# [TASK GOAL]
Although the records contain pictures, only their text should be repeated, exactly as it stands.

- - - - -

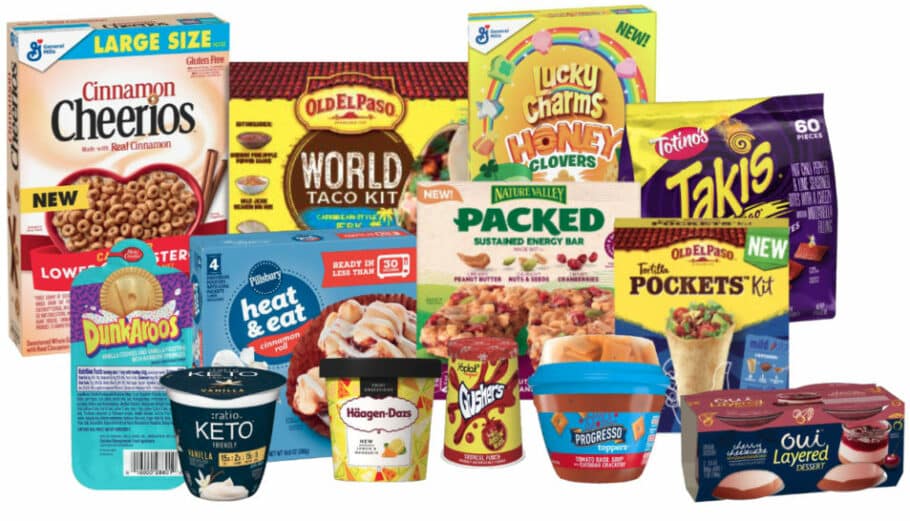General Mills: Υποκύπτει στις πιέσεις και μειώνει το πλαστικό στις συσκευασίες - Cibum.gr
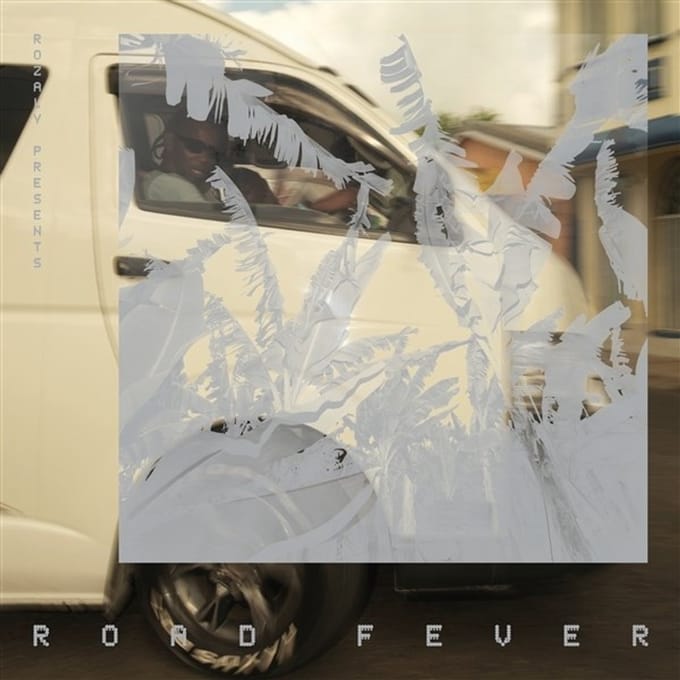 Various Artists - Road Fever (LP)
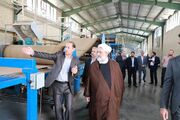 بازگشت یک واحد تولیدی ورشکسته در شهرستان سرخه به چرخه تولید با حمایت دادگستری استان سمنان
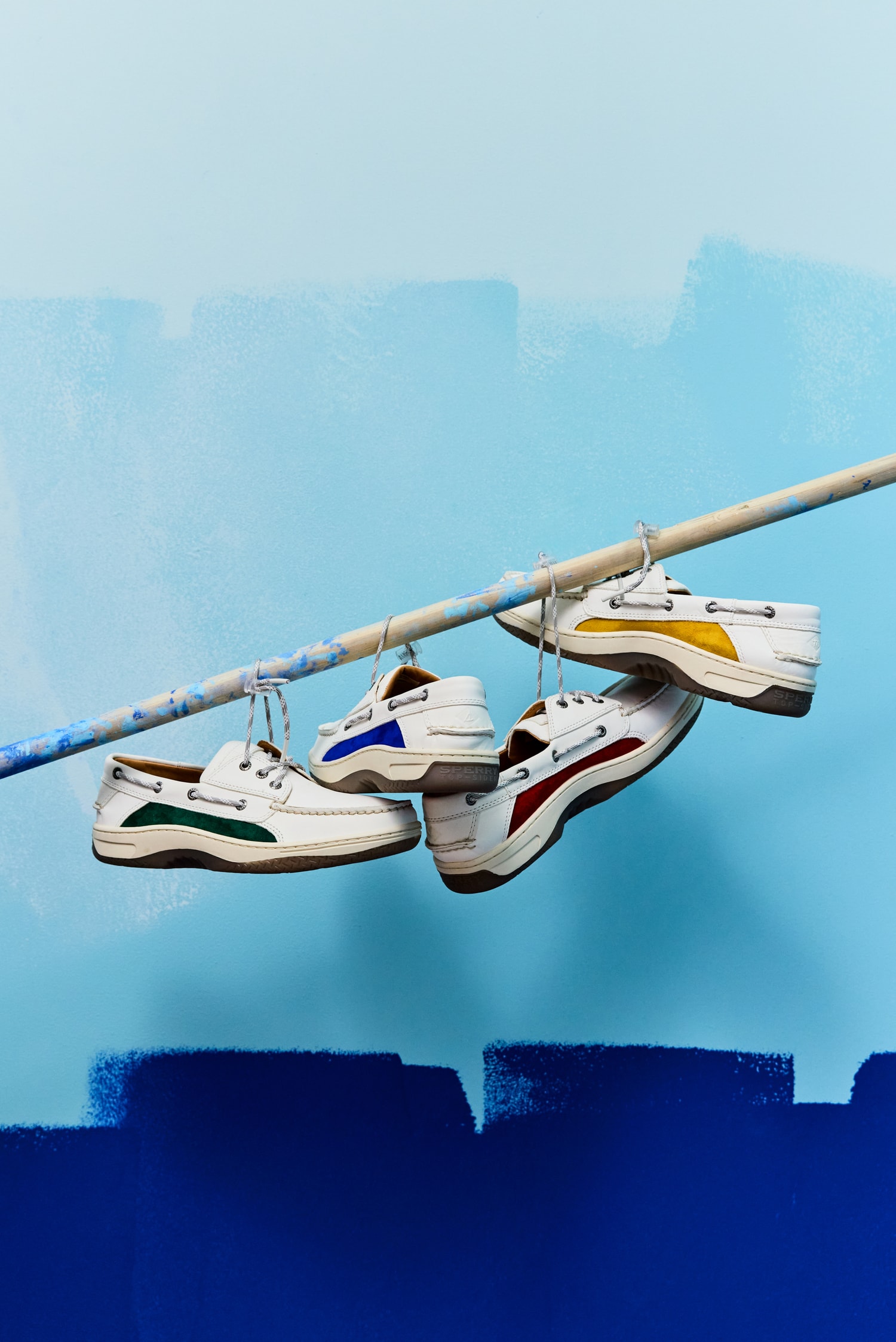 Mifland and Sperry Give Two American Classics a Much-Needed Shake-Up
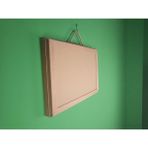 KRN Petek Panel Çanta Tipi Saat Tablo Kutusu 50 x 70 cm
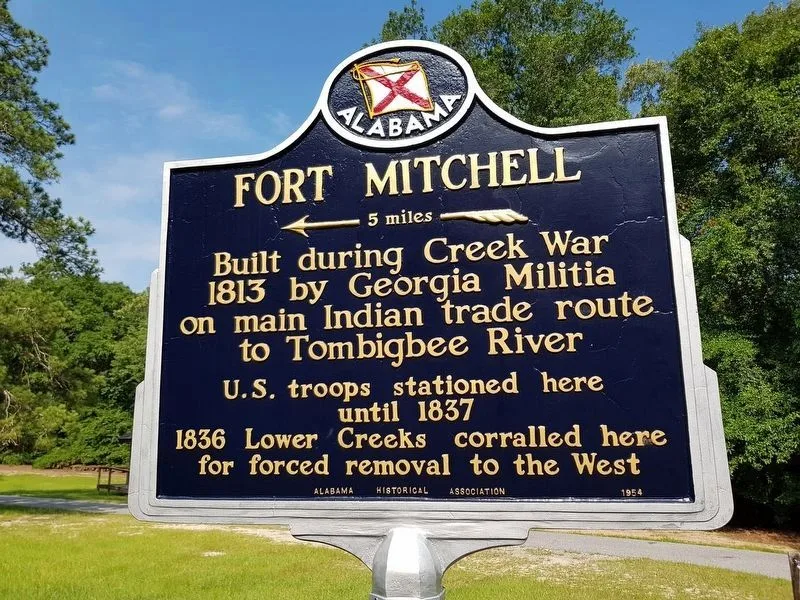 Fort Mitchell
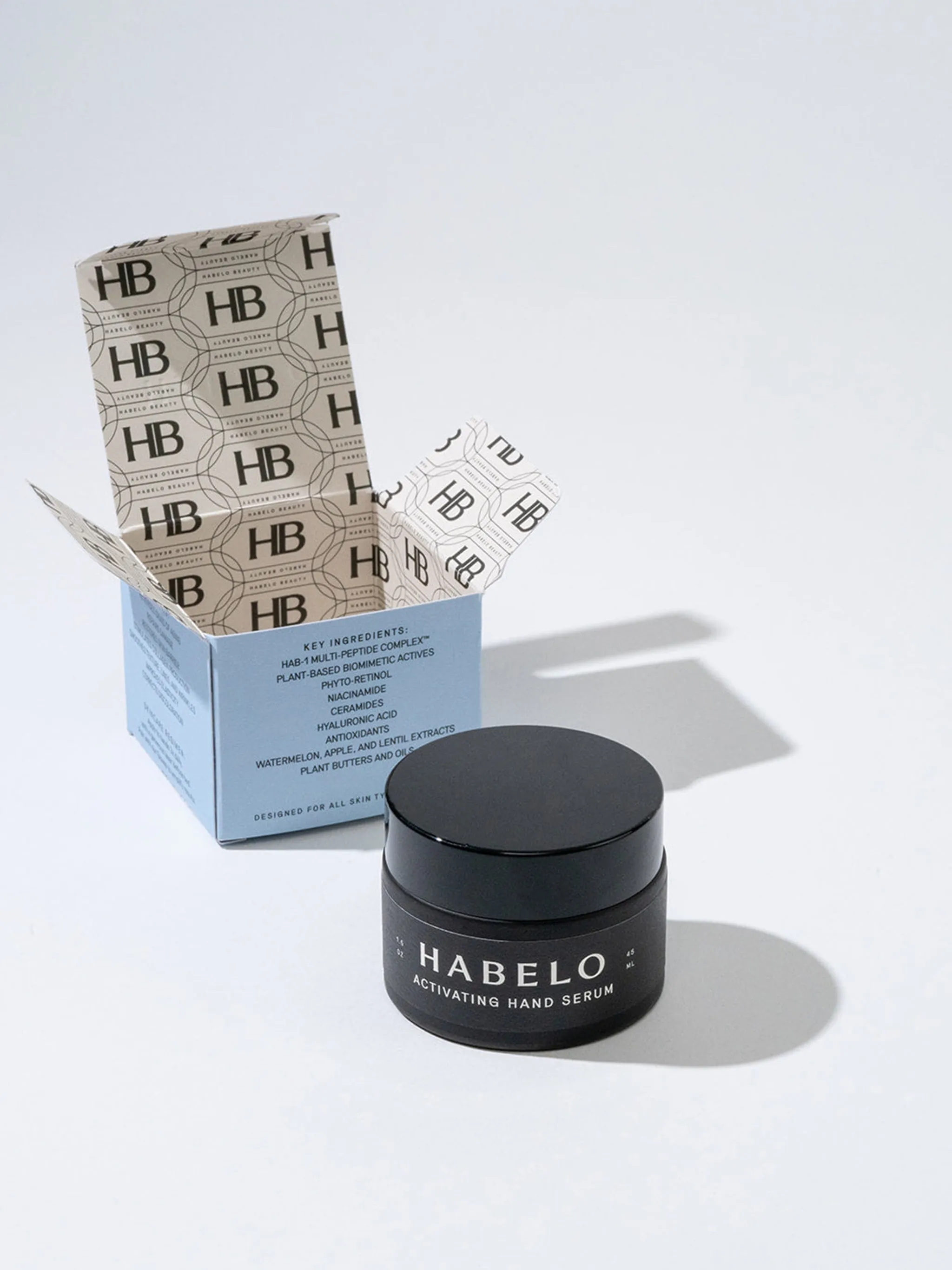 Activating Hand Serum
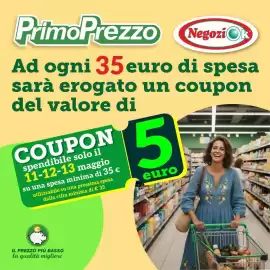 Volantino Primo Prezzo Pagina 1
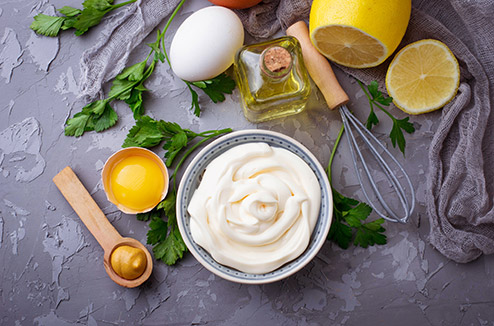 Comment réussir sa mayonnaise ?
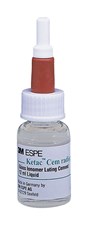 Ketac Cem Radiopaque Glass Ionomer Luting Cement Liquid Refill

- - - - -

# [ANSWER]
General Mills: Υποκύπτει στις πιέσεις και μειώνει το πλαστικό στις συσκευασίες - Cibum.gr
 Various Artists - Road Fever (LP)
 بازگشت یک واحد تولیدی ورشکسته در شهرستان سرخه به چرخه تولید با حمایت دادگستری استان سمنان
 Mifland and Sperry Give Two American Classics a Much-Needed Shake-Up
 KRN Petek Panel Çanta Tipi Saat Tablo Kutusu 50 x 70 cm
 Fort Mitchell
 Activating Hand Serum
 Volantino Primo Prezzo Pagina 1
 Comment réussir sa mayonnaise ?
 Ketac Cem Radiopaque Glass Ionomer Luting Cement Liquid Refill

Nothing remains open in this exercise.